A post-incident review is the structured examination of what happened during an incident and what the organization should improve afterward.
A post-incident review is the structured examination of what happened during an incident and what the organization should improve afterward. In plain language, it is the formal reflection step that turns a completed incident into concrete lessons and follow-up work.
Post-incident review matters because incidents are expensive teachers. If the organization does not capture what actually happened and what should change, it loses much of the value of the experience.
It also matters because different teams often see different parts of the same incident. A structured review helps combine operational, technical, and governance perspectives into a more complete understanding.
Post-incident review appears after Recovery, once immediate disruption is under control. Teams connect it to Root Cause Analysis, Risk Register, Security Baseline, and Detection Rule updates because the review often results in control, process, and monitoring changes.
Security teams use post-incident review to make sure incidents produce operational learning instead of disappearing once service is restored.
A company closes an incident involving unauthorized privileged access.

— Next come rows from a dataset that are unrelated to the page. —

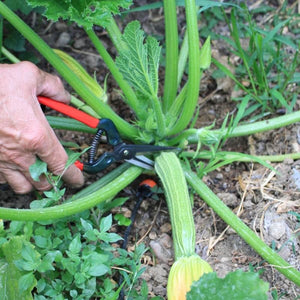 FORBICI COGLIFRUTTA E ORTAGGI IDEAL STAR 19 cm - IDEAL STAR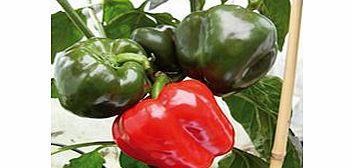 Pepper Grafted Plants - F1 Britney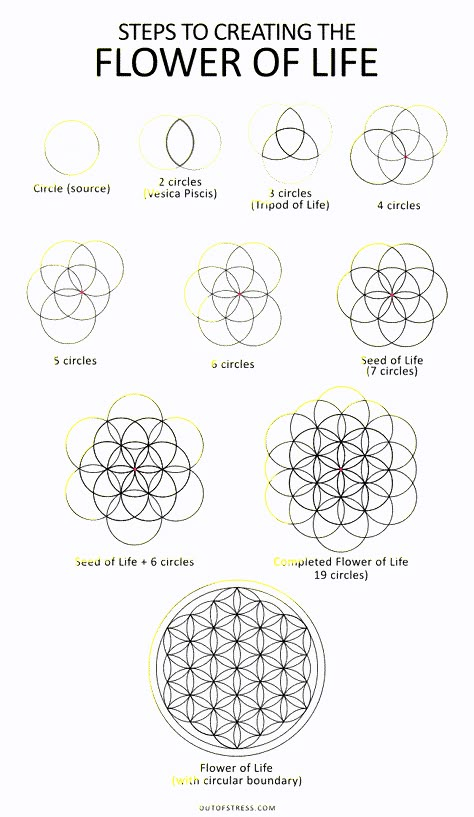 Flower of Life – Symbolism + 6 Hidden Meanings (Sacred Geometry) Seed Of Life Tattoo Mandalas, Seven Chakras Art Sacred Geometry, Terrance Howard Flower Of Life, Flower Of Life Tutorial, Germ Of Life Sacred Geometry, Sacred Geometry Tattoo Ideas, Flowers Of Life Tattoo, Flower Of Life Wrist Tattoo, Simple Sacred Geometry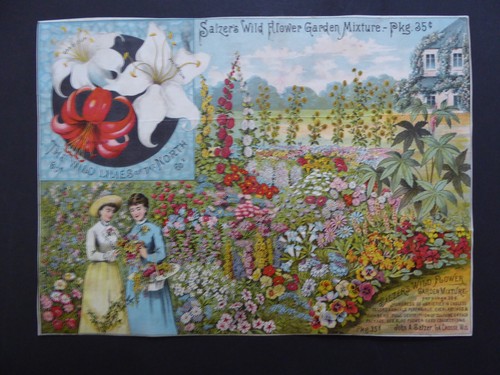 C1890 salzer seeds - salzer's,
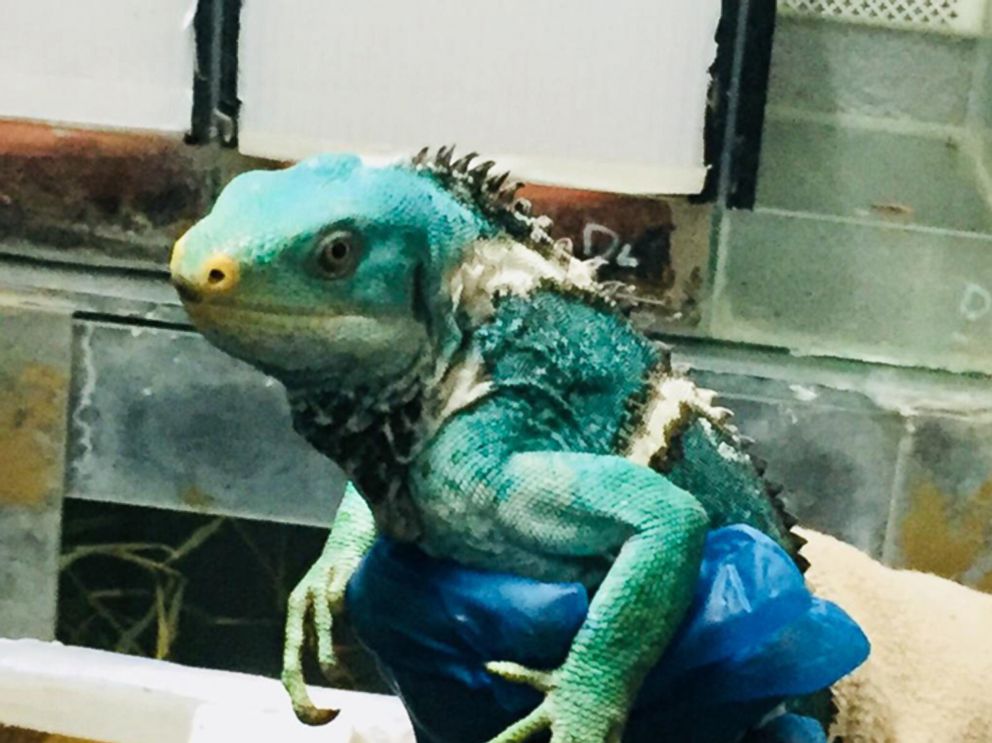 PHOTO: Nine people were arrested when a Spanish network that trafficked rare animals was broken up, the European Union law enforcement agency Europol said on March 12, 2018.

During the post-incident review, teams compare the timeline, identify where detection or escalation could have been faster, and assign follow-up actions for access review, alert tuning, and administrative workflow changes.
Post-incident review is not only a timeline recap. Its value comes from deciding what the organization should change.
It is also different from a Tabletop Exercise. Tabletop exercises test preparedness before an incident, while post-incident review analyzes what actually happened after one.